I guess what you guys missed is that I’m using this to great effect already, I just want to get it included in Mikrotik to remove an extra piece of hardware and simplfy design.
The internet itself is slightly lossy. Pick ANY connection and ping essentially any off-net resource and wait. Their will be a packet lost at some point and there will be a high latency packet at some point.
If I have a circuit that is doing 40ms to an EC2 instance, I can tune my FEC parameters to queue 40ms of packets and if anything is lost or just late beyond the buffer, rebuild. That random packet that takes 160ms is because of packet loss and another link in the path rebuilding it in it’s EC code (most likely), but I don’t care and I’d be just as happy to drop that late packet as get it late because FEC will allow me to rebuild it at 80ms per the example above.
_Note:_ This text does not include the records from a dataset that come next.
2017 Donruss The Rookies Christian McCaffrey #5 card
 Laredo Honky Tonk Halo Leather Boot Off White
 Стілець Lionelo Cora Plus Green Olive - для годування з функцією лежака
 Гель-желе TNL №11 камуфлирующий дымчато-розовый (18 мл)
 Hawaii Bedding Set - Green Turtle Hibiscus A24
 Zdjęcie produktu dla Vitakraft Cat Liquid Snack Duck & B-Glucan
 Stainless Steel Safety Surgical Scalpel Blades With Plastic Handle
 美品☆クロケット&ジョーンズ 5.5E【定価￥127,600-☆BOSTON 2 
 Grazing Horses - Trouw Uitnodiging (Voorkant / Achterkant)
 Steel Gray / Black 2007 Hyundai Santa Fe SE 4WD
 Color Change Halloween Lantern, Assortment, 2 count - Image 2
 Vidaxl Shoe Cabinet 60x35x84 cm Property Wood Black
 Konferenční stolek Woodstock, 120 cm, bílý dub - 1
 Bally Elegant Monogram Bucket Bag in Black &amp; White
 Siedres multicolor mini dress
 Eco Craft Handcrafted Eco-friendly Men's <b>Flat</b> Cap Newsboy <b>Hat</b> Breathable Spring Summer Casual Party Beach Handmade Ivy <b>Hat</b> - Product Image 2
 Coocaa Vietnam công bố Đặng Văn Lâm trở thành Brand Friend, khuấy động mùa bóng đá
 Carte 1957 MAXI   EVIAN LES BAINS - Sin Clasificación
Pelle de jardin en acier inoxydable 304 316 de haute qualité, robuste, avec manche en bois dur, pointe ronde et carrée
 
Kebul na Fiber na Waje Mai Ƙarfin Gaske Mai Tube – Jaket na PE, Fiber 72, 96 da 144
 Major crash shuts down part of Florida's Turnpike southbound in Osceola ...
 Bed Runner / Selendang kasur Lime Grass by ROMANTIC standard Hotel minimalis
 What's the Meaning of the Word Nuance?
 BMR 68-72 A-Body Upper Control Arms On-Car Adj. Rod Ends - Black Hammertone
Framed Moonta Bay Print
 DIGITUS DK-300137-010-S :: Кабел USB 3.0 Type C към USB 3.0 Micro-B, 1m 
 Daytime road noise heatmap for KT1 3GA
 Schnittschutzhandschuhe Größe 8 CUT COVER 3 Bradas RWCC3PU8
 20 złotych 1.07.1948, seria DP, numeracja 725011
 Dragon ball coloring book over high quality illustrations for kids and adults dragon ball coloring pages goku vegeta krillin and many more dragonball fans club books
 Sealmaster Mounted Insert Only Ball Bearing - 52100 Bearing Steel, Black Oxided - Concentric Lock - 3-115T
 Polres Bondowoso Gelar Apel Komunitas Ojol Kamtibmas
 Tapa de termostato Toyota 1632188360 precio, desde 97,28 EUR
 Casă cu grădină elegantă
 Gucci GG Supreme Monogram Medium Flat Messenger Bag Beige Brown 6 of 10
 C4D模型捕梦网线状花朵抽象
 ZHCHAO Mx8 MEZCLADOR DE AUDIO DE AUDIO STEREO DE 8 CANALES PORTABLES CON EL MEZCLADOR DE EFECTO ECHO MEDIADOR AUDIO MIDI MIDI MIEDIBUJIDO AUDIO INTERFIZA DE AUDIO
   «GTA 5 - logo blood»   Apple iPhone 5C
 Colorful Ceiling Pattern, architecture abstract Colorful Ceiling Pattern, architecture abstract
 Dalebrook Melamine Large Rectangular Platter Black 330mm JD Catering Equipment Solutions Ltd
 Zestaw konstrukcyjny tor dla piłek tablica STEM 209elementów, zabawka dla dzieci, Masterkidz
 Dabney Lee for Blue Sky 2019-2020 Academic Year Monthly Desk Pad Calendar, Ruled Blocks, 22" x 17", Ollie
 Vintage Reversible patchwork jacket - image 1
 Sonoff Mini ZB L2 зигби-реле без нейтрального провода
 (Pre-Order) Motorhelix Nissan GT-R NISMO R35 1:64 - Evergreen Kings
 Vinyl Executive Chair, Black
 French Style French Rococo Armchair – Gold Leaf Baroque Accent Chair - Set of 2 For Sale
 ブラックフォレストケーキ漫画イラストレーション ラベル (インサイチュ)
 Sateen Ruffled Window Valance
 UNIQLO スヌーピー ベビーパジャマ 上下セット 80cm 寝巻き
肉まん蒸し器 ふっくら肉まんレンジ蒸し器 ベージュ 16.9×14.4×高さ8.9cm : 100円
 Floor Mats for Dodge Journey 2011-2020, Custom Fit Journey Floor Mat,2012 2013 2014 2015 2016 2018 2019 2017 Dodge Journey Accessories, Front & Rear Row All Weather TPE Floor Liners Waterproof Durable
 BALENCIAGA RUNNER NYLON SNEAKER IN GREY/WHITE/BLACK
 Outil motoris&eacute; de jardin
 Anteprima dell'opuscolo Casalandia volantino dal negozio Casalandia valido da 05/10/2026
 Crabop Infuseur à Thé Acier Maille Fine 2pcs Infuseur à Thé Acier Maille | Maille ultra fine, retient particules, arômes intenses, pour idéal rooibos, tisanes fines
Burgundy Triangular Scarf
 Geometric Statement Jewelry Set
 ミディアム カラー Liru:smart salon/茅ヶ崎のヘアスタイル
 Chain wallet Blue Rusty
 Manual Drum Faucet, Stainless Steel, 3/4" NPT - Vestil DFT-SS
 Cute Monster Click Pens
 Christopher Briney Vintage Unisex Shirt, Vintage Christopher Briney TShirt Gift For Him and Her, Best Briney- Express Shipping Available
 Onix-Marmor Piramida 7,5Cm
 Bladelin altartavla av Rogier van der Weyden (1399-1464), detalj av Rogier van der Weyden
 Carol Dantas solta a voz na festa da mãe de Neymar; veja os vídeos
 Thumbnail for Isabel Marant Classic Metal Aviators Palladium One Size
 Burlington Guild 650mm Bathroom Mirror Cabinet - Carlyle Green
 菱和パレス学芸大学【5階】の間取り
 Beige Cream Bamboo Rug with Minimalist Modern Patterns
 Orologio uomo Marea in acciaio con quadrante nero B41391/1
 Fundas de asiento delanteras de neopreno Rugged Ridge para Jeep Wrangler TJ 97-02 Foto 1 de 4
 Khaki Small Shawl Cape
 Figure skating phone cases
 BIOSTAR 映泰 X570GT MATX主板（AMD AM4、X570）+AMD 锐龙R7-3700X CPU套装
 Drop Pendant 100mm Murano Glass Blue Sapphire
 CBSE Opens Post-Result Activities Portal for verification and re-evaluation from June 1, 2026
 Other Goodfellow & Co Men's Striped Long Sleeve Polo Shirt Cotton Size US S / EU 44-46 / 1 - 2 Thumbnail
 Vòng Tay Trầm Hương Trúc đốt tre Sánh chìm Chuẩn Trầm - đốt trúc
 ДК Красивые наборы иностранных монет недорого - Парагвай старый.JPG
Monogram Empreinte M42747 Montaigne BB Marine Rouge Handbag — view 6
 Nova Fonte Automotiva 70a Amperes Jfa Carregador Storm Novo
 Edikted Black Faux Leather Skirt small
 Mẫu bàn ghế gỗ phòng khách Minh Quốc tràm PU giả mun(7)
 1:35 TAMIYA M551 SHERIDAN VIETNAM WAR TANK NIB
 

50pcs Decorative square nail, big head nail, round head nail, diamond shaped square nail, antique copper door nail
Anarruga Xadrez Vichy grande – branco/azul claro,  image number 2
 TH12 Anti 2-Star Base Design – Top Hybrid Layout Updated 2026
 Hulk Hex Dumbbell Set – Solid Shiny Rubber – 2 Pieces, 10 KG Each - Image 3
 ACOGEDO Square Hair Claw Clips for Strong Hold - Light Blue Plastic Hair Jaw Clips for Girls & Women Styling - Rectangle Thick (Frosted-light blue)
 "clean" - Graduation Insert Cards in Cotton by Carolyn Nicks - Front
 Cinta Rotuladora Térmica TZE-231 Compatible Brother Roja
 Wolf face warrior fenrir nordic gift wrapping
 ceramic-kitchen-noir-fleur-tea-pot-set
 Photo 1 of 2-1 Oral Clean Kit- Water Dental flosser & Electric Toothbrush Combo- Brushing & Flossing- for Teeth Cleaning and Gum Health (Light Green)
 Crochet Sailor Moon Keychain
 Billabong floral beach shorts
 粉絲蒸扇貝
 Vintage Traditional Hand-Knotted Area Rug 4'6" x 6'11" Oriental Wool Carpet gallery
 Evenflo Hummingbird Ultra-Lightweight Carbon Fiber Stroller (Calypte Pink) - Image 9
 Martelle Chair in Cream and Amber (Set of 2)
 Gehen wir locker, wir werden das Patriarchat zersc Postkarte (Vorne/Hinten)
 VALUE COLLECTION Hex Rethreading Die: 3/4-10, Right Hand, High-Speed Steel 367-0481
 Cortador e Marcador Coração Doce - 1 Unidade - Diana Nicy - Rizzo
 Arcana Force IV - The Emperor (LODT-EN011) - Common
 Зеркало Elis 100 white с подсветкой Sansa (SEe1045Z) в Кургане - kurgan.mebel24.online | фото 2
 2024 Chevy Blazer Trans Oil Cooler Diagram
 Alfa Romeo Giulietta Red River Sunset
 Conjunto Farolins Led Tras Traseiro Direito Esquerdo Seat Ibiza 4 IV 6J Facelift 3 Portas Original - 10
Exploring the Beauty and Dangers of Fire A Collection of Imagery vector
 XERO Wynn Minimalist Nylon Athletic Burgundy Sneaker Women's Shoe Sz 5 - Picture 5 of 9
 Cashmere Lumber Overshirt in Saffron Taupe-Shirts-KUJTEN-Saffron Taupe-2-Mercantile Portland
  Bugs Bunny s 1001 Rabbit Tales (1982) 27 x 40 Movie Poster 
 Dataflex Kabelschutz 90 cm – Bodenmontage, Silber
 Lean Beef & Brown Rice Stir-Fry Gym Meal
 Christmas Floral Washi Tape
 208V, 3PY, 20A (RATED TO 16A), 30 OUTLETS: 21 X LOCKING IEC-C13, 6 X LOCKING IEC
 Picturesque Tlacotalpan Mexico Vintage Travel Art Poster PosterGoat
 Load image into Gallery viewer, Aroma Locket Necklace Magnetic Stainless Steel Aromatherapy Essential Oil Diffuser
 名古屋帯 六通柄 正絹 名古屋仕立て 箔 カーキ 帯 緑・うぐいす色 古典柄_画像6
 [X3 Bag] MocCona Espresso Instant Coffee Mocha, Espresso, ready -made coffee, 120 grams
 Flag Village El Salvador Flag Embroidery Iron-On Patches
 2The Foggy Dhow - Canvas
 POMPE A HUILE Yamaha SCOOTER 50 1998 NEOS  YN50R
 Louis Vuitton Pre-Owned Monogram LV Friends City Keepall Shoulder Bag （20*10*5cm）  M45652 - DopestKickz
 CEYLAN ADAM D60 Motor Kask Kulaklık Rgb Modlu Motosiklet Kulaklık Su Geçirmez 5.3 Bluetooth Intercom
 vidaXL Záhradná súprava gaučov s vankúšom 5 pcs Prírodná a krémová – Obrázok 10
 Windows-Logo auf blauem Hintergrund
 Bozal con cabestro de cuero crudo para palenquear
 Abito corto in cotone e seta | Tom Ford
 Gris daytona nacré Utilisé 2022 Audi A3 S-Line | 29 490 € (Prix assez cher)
LTE is completely irrelevant to the conversation. It’s the equivalent of saying you have a perfect driveway with no cracks and if there are cracks they are instantly rebuilt and claiming that means you’ll have a smooth ride to work everyday as a result. The path between A and Z is unknown and you’re focusing on the path from A-B only, the rest of the path could change at any point, and there are points [B-Y].* in between that could be saturated at any point along the way causing buffer bloat and latency spikes, even outages that have to be routed around.
If we make some assumptions:
80% of packets will arrive on time on at least ONE of the links on the network.
That 80% will be spread somewhat evenly over the 100%, ie packet loss and latency spikes are generally random
OR
A link fails causing a number of sequentially dropped packets and a failover event.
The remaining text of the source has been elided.